═══ Input data ═══
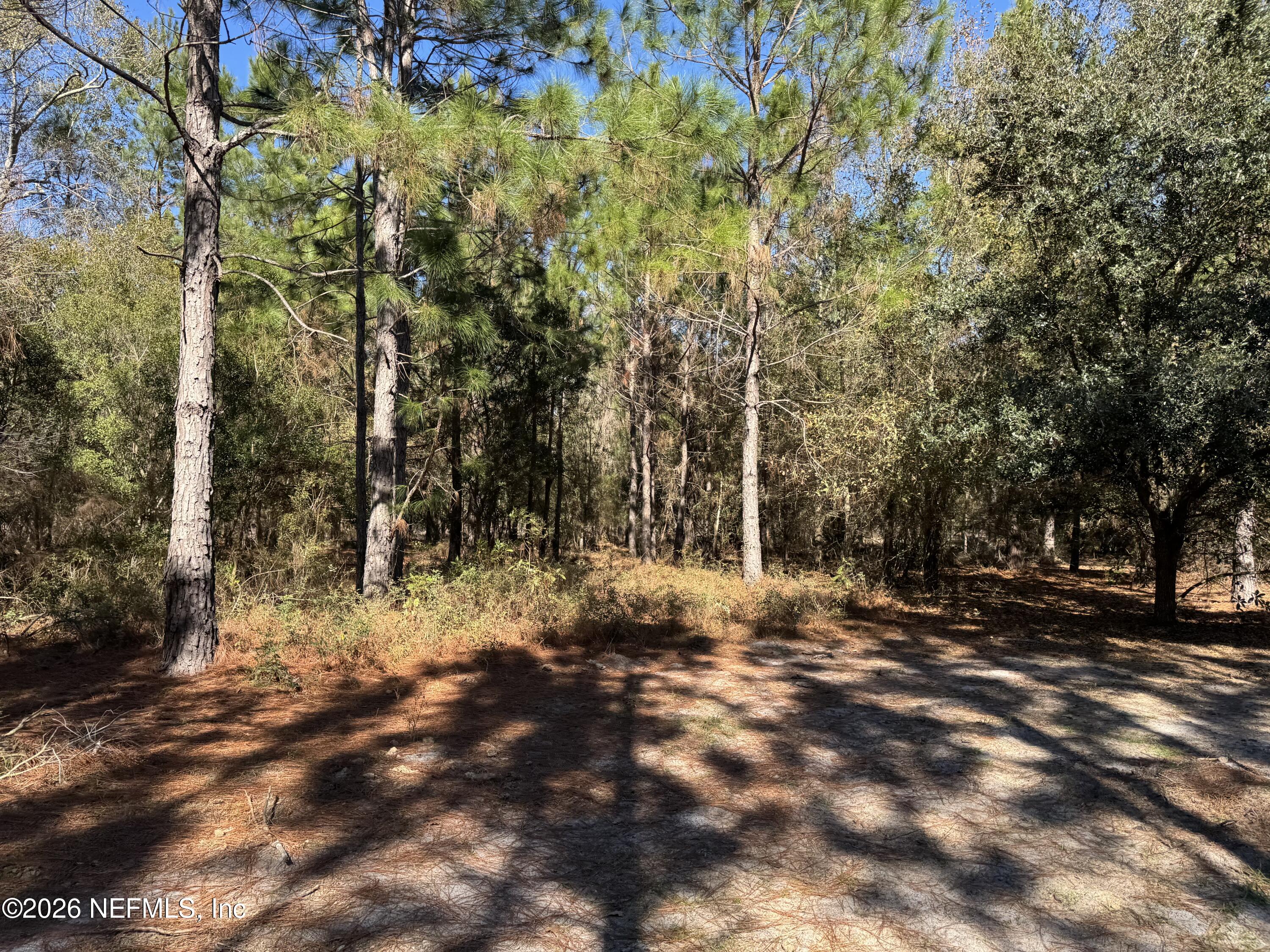 0 Southwest 105th Street Brooker, FL 32622 - Photo 28 of 40 a view of a tree with a yard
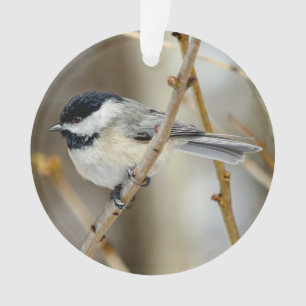 Black Capped Chickadee Acrylic Ornament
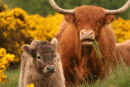 Highland Cow and Calf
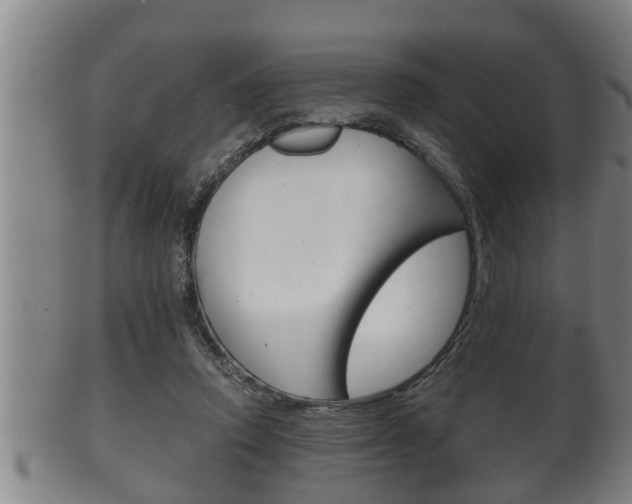 X0000100370354200806060807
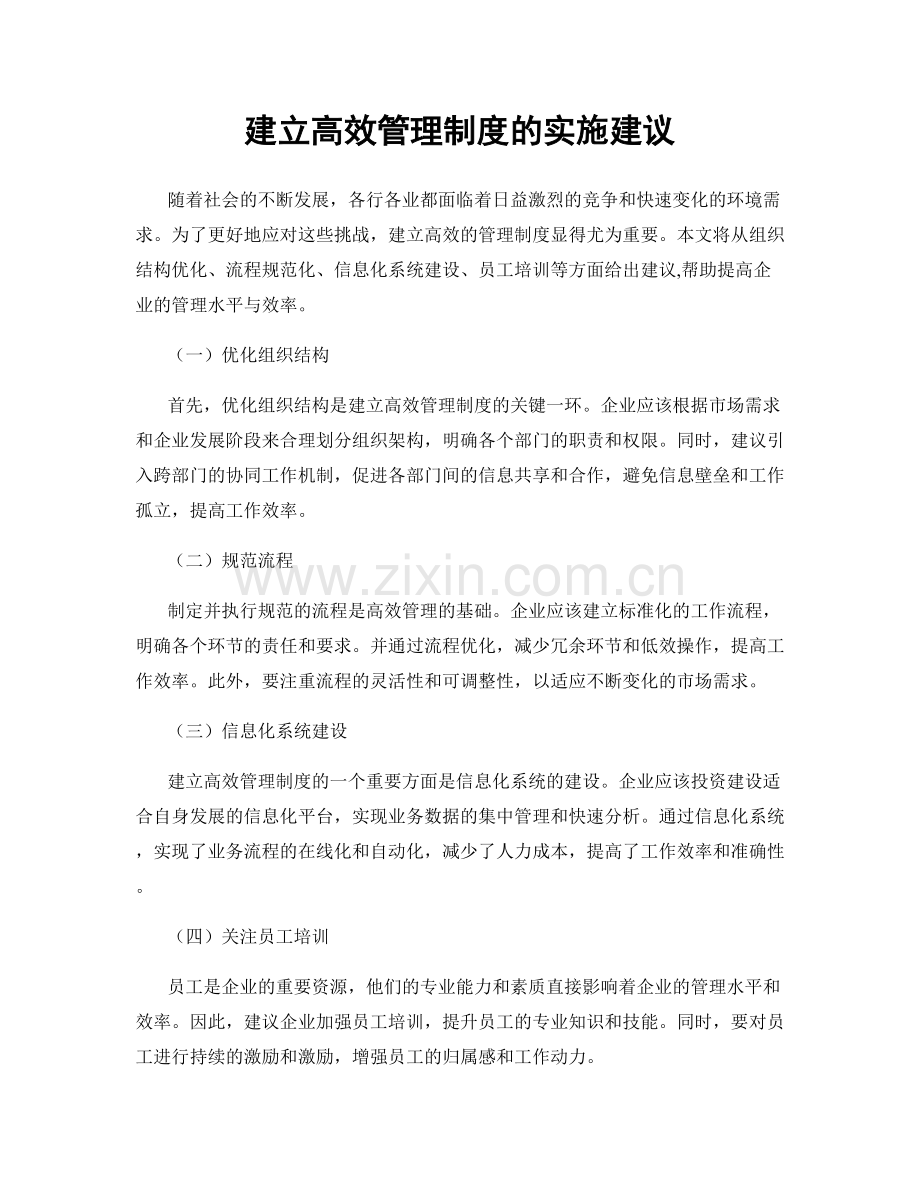 建立高效管理制度的实施建议.docx_第1页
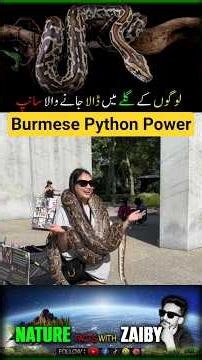 Burmese Python (Python bivittatus) — The 20-Foot Giant Snake! 😳🐍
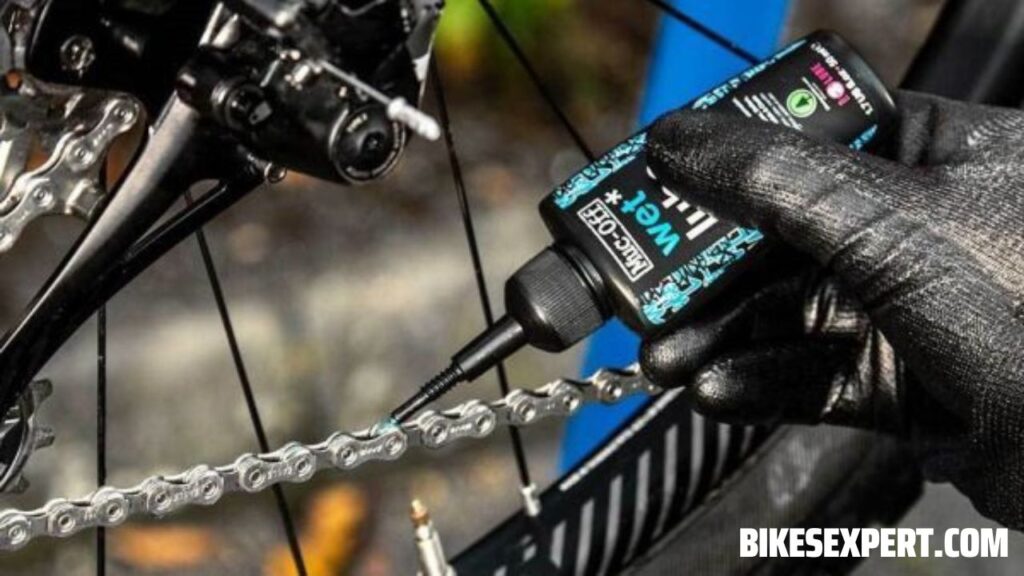 Why Should You Lubricate Your Bike Chain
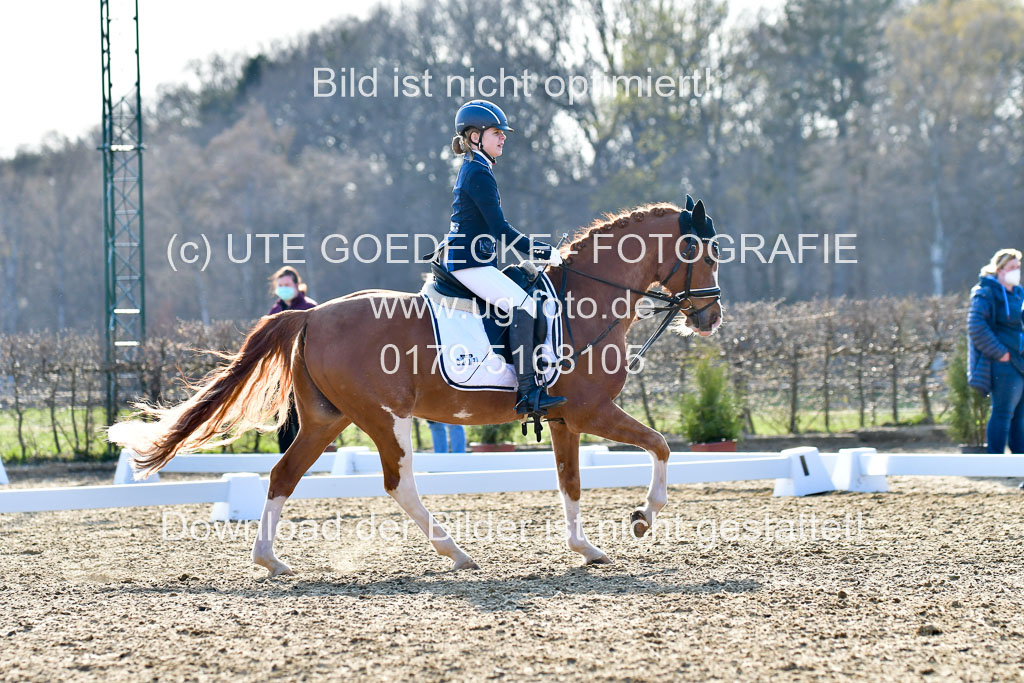 Reitsportzentrum Bremervörde | Dressurreiter WB _128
═══
Each line from the one with "Why Should You Lubricate Your Bike Chain" through the final line of the records must be copied exactly, with no pictures and no additional lines.

- _Answer section_
 Why Should You Lubricate Your Bike Chain
 Reitsportzentrum Bremervörde | Dressurreiter WB _128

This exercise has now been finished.